> Action item:
Using the listing below, retype exactly the lines starting at the one with "Cute Worm Toy Low-poly 3D model_0" and ending at the one with "Tiny Butterfly Ceramic", and include both.

> Given information:
####################
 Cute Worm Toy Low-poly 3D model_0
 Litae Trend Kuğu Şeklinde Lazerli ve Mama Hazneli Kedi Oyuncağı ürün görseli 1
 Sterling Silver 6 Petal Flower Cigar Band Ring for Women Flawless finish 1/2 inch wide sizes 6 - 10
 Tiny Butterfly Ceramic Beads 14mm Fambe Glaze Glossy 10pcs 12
####################
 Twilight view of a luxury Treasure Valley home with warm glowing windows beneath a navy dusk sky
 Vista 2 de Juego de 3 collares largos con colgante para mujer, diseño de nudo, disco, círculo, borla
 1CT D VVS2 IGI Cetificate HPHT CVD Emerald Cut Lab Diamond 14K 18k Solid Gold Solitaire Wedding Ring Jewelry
####################
> Answer to this task:
 Cute Worm Toy Low-poly 3D model_0
 Litae Trend Kuğu Şeklinde Lazerli ve Mama Hazneli Kedi Oyuncağı ürün görseli 1
 Sterling Silver 6 Petal Flower Cigar Band Ring for Women Flawless finish 1/2 inch wide sizes 6 - 10
 Tiny Butterfly Ceramic Beads 14mm Fambe Glaze Glossy 10pcs 12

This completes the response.